═════ STORED DATA ═════

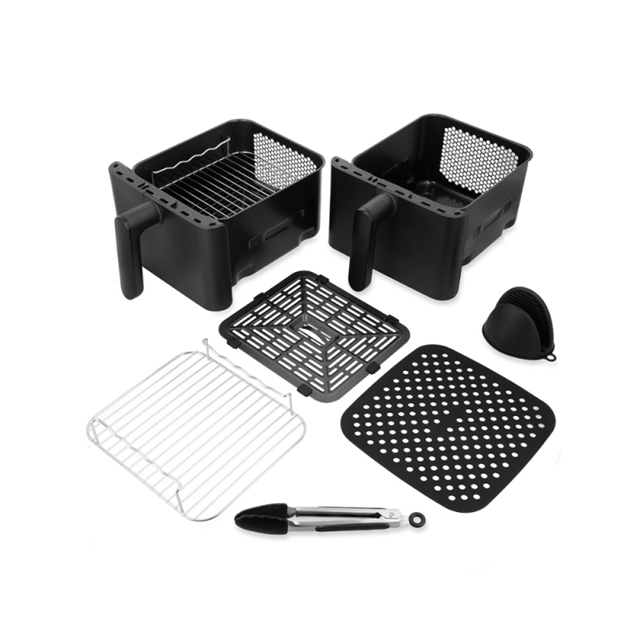 Freidora de Aire Daewoo Doble Jumbo 2.0 11L DAF-1898 - Vista 4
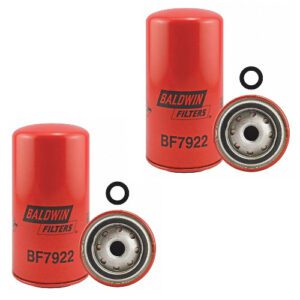 Baldwin BF7922 Fuel Filter, Spin-On (2 Pack)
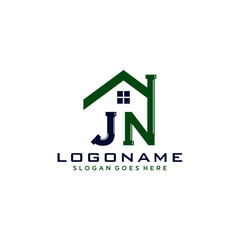 JN Initial for Plumbing Service logo icon vector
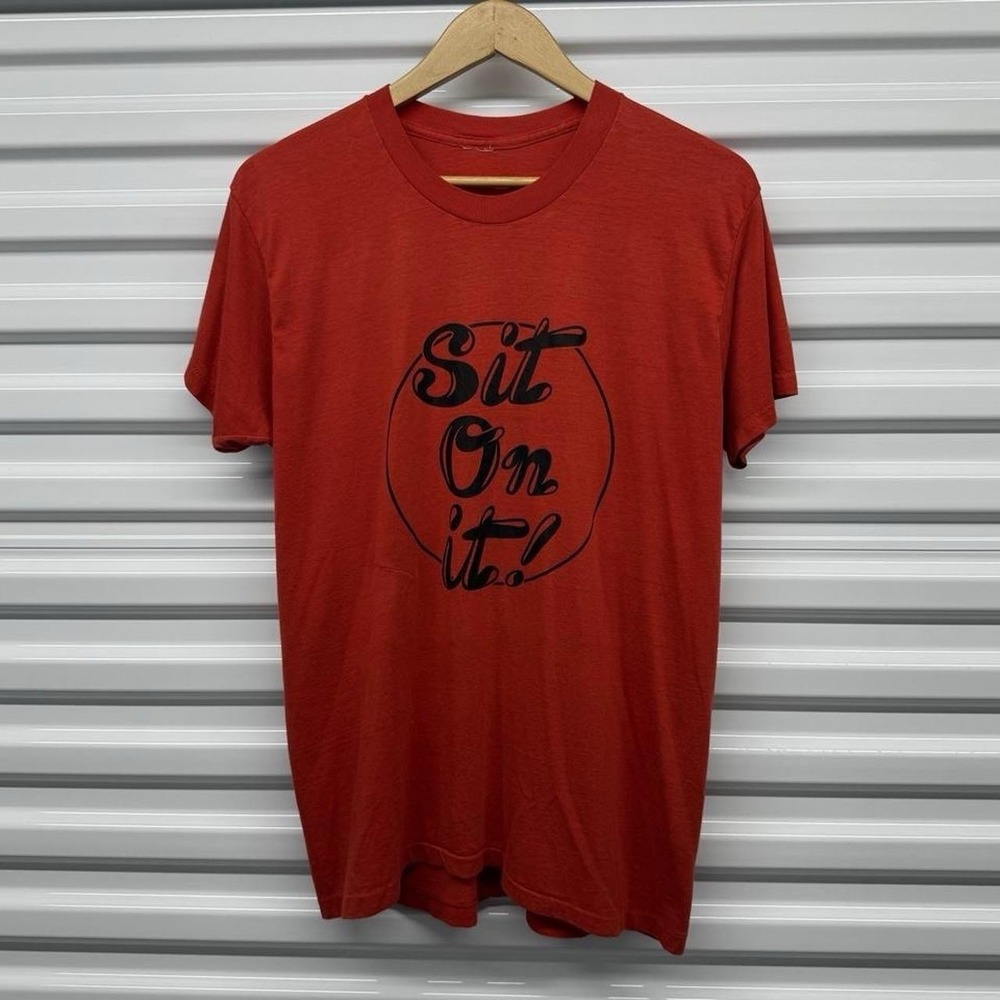 Vintage 80's Sit On It! Funny Humor Single Stitch T-Shirt Size L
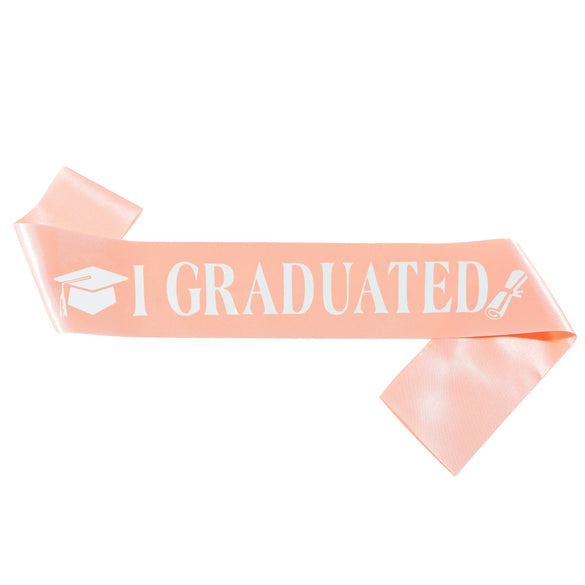 Graduation Shoulder Strap Decoration Satin Printing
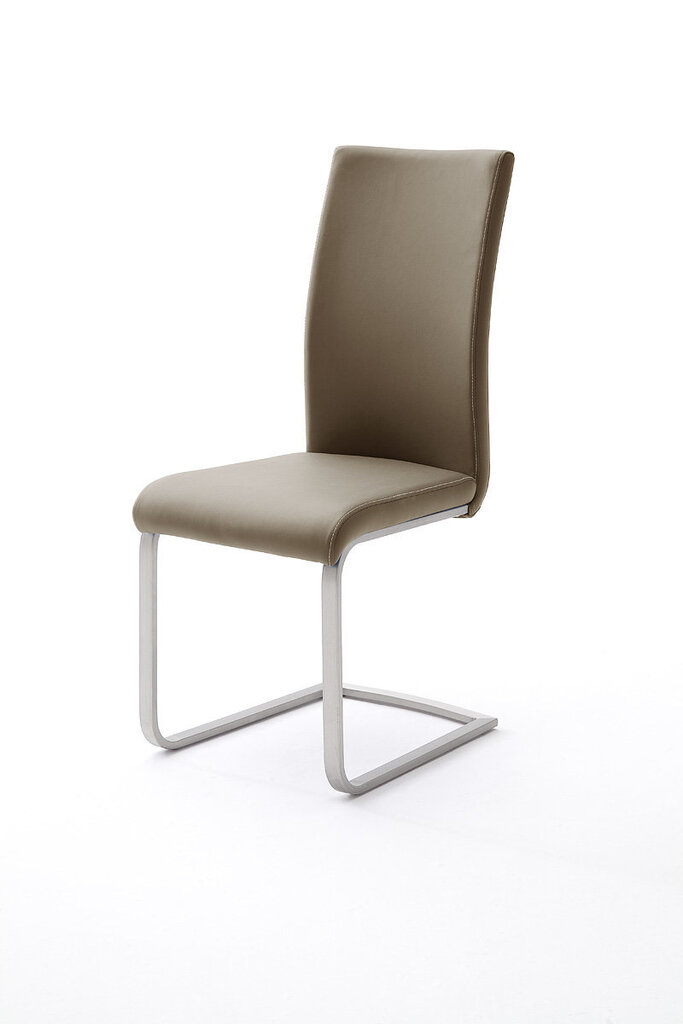 4 krēslu komplekts Paulo 1, gaiši brūns cena un informācija | Virtuves un ēdamistabas krēsli | 220.lv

═════

[EXERCISE DIRECTIONS] Quote every record above exactly, leaving out the pictures.

[EXERCISE RESULT]
 Freidora de Aire Daewoo Doble Jumbo 2.0 11L DAF-1898 - Vista 4
 Baldwin BF7922 Fuel Filter, Spin-On (2 Pack)
 JN Initial for Plumbing Service logo icon vector
 Vintage 80's Sit On It! Funny Humor Single Stitch T-Shirt Size L
 Graduation Shoulder Strap Decoration Satin Printing
 4 krēslu komplekts Paulo 1, gaiši brūns cena un informācija | Virtuves un ēdamistabas krēsli | 220.lv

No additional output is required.